We saw some of the most amazing wonders. Ireland is hilly and rocky, and green and full of sheep and ancient ruins. There are beautiful beaches and dramatic cliffs and glacial lakes and quaint little towns, and innumerable pubs filled with the friendliest people, the warmest fires, and the tastiest soup you’ll ever encounter.

And seeing and experiencing all of that is phenomenal. But I think what I like equally is the opportunity to expand my perspective. To step away from what is familiar, give myself a chance to reflect—and just be—and allow myself to absorb whatever a conversation or a cultural escapade might reveal.

Here are just a few of the takeaways from my latest adventure:

Many, many people of the world live in very humble abodes, and they are grateful to have them. I am embarrassed by the times I have felt shame for not “keeping up with the Joneses” who have big, fancy houses. There’s definitely something to be said for keeping things simple, living within our means, and not being greedy with resources. Many Americans live excessively it seems to me.

In general, people in other countries have a better grasp of what is going on in the world than we do. They don’t have the arrogance of believing that the only stuff that matters is what’s going on in their own country.

Ireland seems like it is not an easy place to live. The terrain is rugged, the weather is punishing. There are only so many jobs. It’s not easy to grow food there. One tour guide suggested that while Ireland enjoyed a brief period of great prosperity, it did not last; and that he was glad actually because Ireland is at its best when it’s poor. That’s when people pull together and enjoy the most camaraderie. I think we have lost that in our country, that sense of shared experience.

When you visit a place with many days of cold wind, overcast skies, and drizzle, it really makes you appreciate our many days of warmth and abundant sunshine.
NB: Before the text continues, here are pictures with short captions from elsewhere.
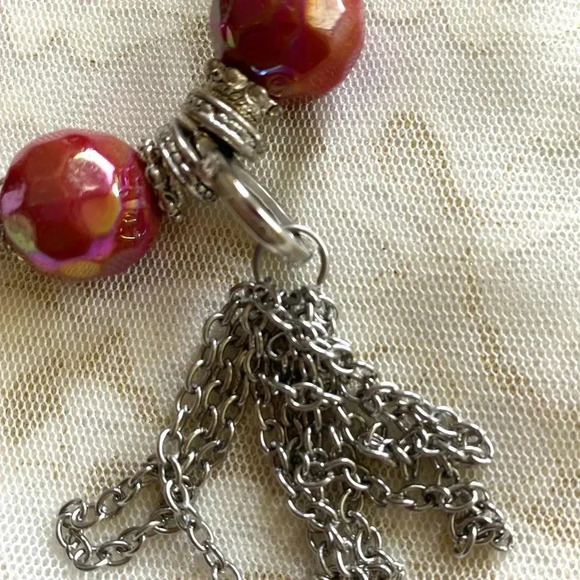 Pink and Metallic Beads Charm Stretch Bracelet - Picture 5 of 6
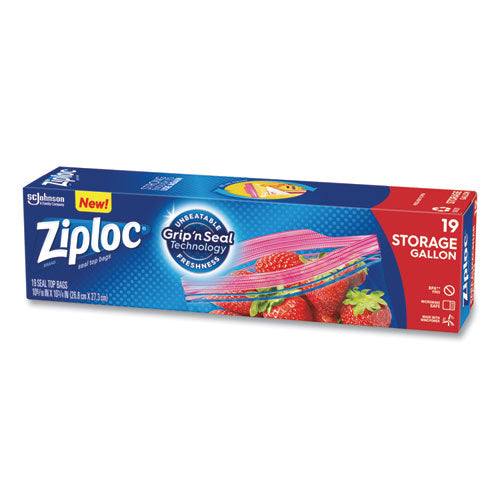 Image of Ziploc® Double Zipper Storage Bags, Triple System Seal, Gallon, 9.6" x 12.1", Clear, 19 Bags/Box, 12 Boxes/Carton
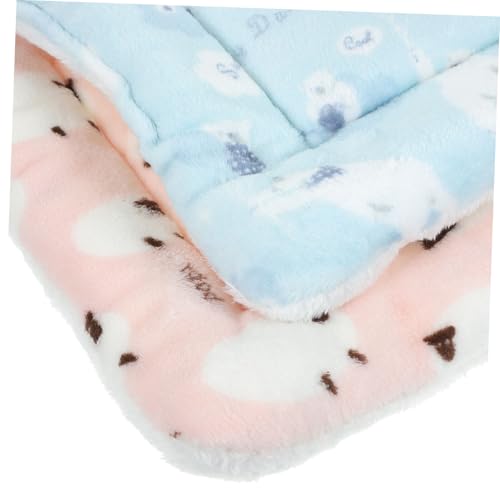 LOLIPPYY 2 Stück Kleine Haustierbettmatten aus Plüsch Dicke Warme Schlafunterlage für Kleintiere Waschbare Abnehmbare Bezüge Geeignet für Winter Süße Tiermuster für Käfig und Innenbereich von LOLIPPYY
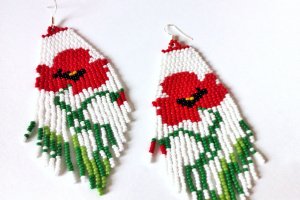 Довгі сережки в стилі бохо, мак - Опис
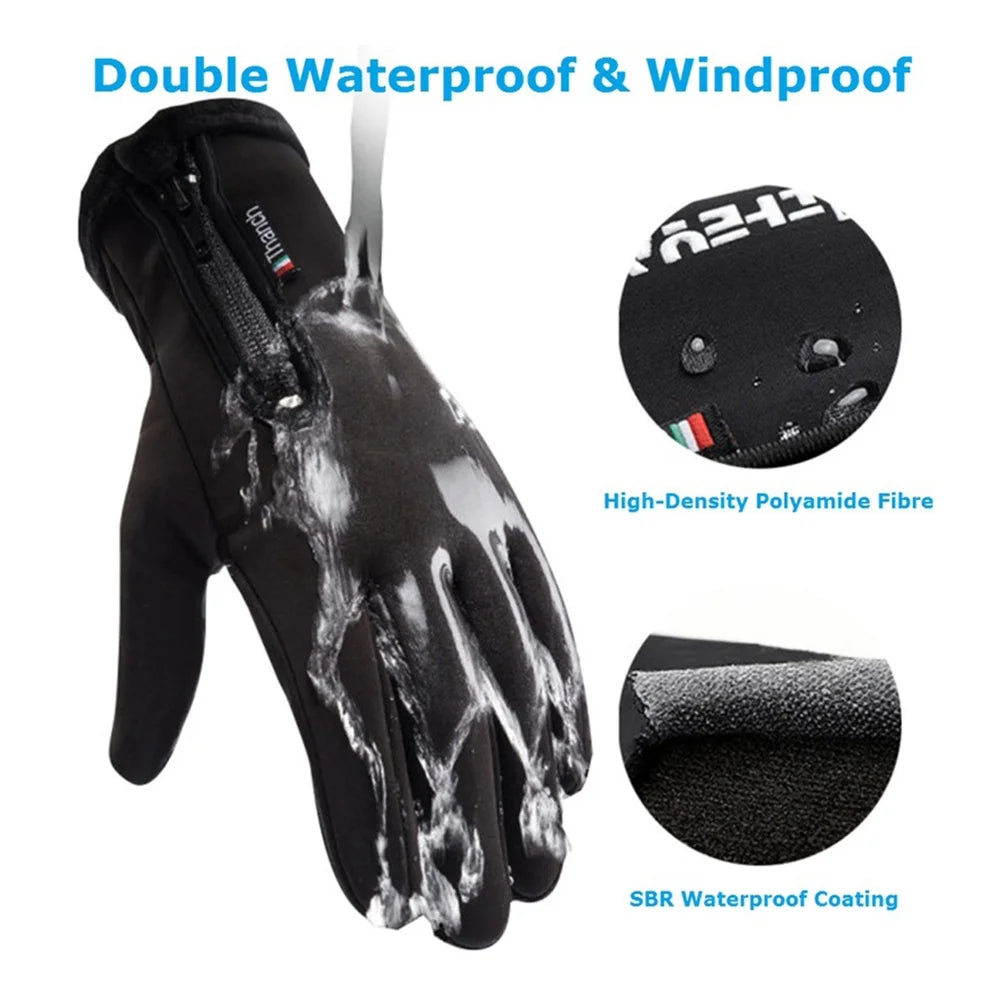 Men Women Winter Warm Gloves, Windproof Waterproof Anti-Slip Thermal Touch Screen Gloves for Men Women, Valentines Day Gifts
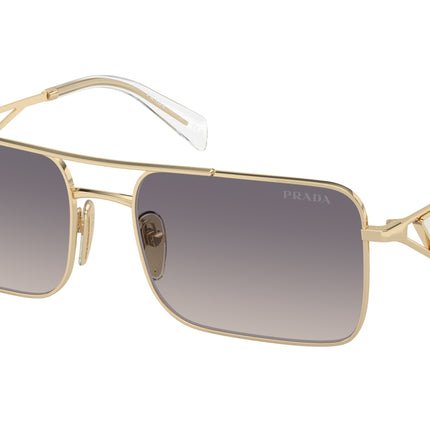Prada PRA52S Rectangle Sunglasses  ZVN30C-Pale Gold 56-140-17 - Color Map Gold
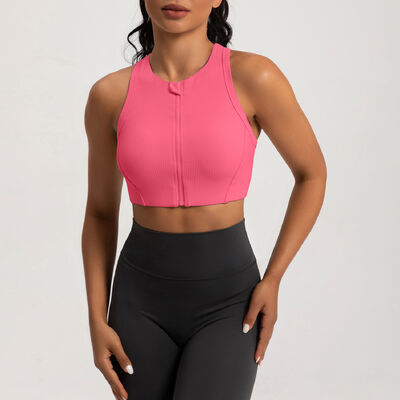 kopen Mouloze Sportbeha met geribde ritssluiting, felroze, sneldrogend, crop top met hoge ondersteuning online manufacture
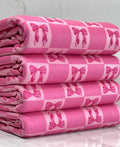 (4X2 RIB) HOT PINK BOWS ON PINK MEDIUM CHECKERED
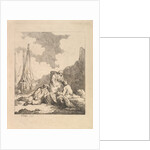 Fishermen by the Shore - Coastal Scene with a Man Sitting on the Ground Resting an Elbow o…, 1786 by Thomas Rowlandson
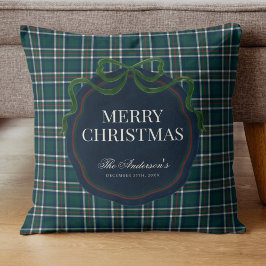 Almofada Merry Christmas Classic Preppy Tartan Plaid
Travel reinforces for me an attitude of gratitude. I’m grateful for a safe journey. I’m grateful to be home—both in my own dwelling and in my beautiful hometown. I’m grateful to be returning to a happy life—seeing my garden again, and family, and clients and friends. I’m grateful to be able to add this voyage and this viewpoint to the resumé of being me.

Category : Blog &Personal Growth Posted on March 28, 2018

One Comment → “Why I Love to Travel”


  1. Karen Ball
    4 weeks ago

    Welcome home, Julie. I love your perspective on travel and couldn’t agree with you more. We are both blessed and cheated by the wealth of our country.